Concern over the EU proposal has been building since the Commission proposed the CSAM-scanning plan two years ago — with independent experts, lawmakers across the European Parliament and even the bloc’s own Data Protection Supervisor among those sounding the alarm.

The EU proposal would not only require messaging platforms that receive a CSAM detection order to scan for known CSAM; they would also have to use unspecified detection scanning technologies to try to pick up unknown CSAM and identify grooming activity as it’s taking place — leading to accusations of lawmakers indulging in magical thinking-levels of technosolutionism.

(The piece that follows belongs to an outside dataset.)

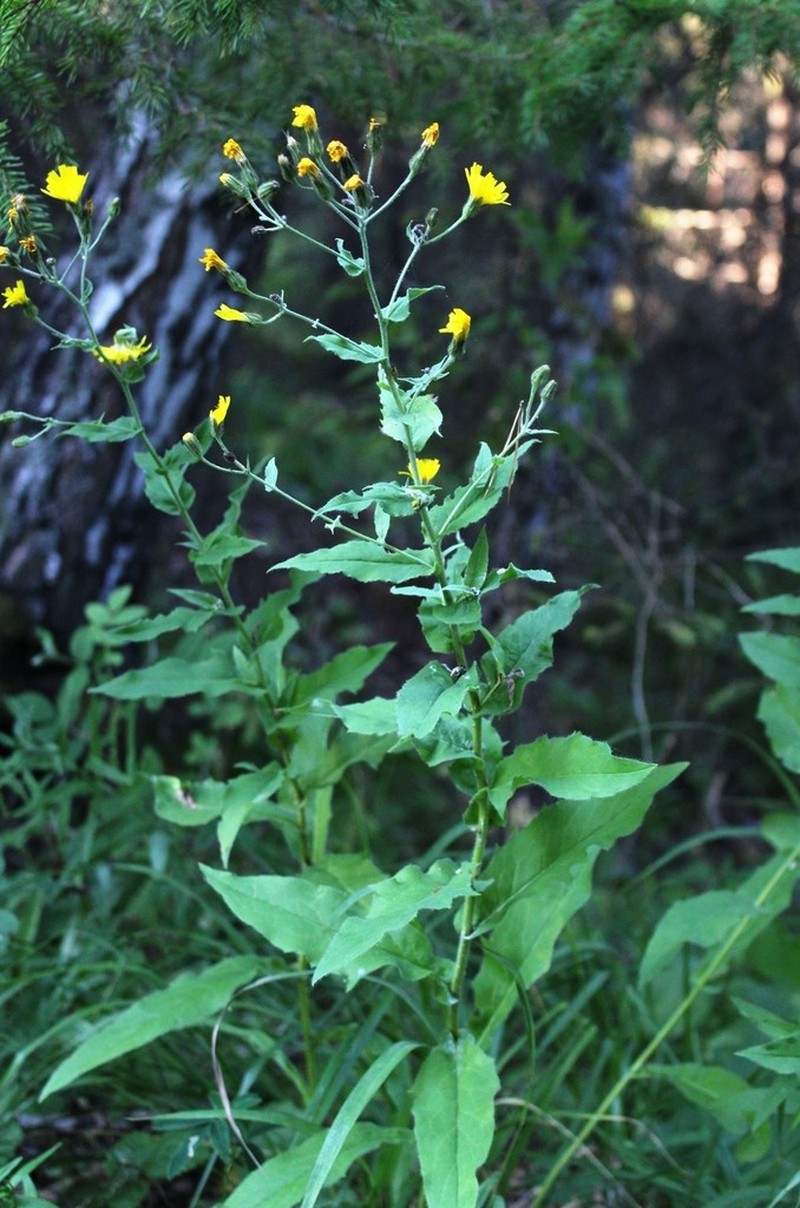 Hieracium reticulatum photo 2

Critics argue the proposal asks the technologically impossible and will not achieve the stated aim of protecting children from abuse. Instead, they say, it will wreak havoc on Internet security and web users’ privacy by forcing platforms to deploy blanket surveillance of all their users in deploying risky, unproven technologies, such as client-side scanning.

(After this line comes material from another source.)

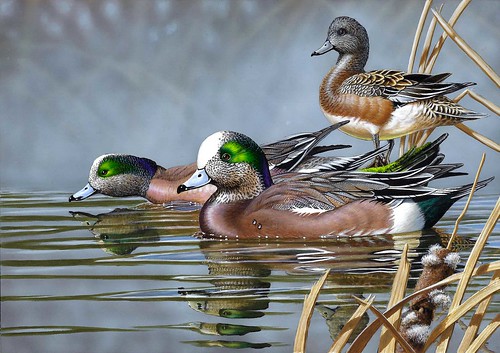 maryland duck season 2023-24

Experts say there is no technology capable of achieving what the law demands without causing far more harm than good. Yet the EU is ploughing on regardless.

The latest open letter addresses amendments to the draft CSAM-scanning regulation recently proposed by the European Council which the signatories argue fail to address fundamental flaws with the plan.

Signatories to the letter — numbering 270 at the time of writing — include hundreds of academics, including well-known security experts such as professor Bruce Schneier of Harvard Kennedy School and Dr. Matthew D. Green of Johns Hopkins University, along with a handful of researchers working for tech companies such as IBM, Intel and Microsoft.

An earlier open letter (last July), signed by 465 academics, warned the detection technologies the legislation proposal hinges on forcing platforms to adopt are “deeply flawed and vulnerable to attacks”, and would lead to a significant weakening of the vital protections provided by end-to-end encrypted (E2EE) communications.

Little traction for counter-proposals

Last fall, MEPs in the European Parliament united to push back with a substantially revised approach — which would limit scanning to individuals and groups who are already suspected of child sexual abuse; limit it to known and unknown CSAM, removing the requirement to scan for grooming; and remove any risks to E2EE by limiting it to platforms that are not end-to-end-encrypted. But the European Council, the other co-legislative body involved in EU lawmaking, has yet to take a position on the matter, and where it lands will influence the final shape of the law.

The latest amendment on the table was put out by the Belgian Council presidency in March, which is leading discussions on behalf of representatives of EU Member States’ governments. But in the open letter the experts warn this proposal still fails to tackle fundamental flaws baked into the Commission approach, arguing that the revisions still create “unprecedented capabilities for surveillance and control of Internet users” and would “undermine… a secure digital future for our society and can have enormous consequences for democratic processes in Europe and beyond.”

Tweaks up for discussion in the amended Council proposal include a suggestion that detection orders can be more targeted by applying risk categorization and risk mitigation measures; and cybersecurity and encryption can be protected by ensuring platforms are not obliged to create access to decrypted data and by having detection technologies vetted. But the 270 experts suggest this amounts to fiddling around the edges of a security and privacy disaster.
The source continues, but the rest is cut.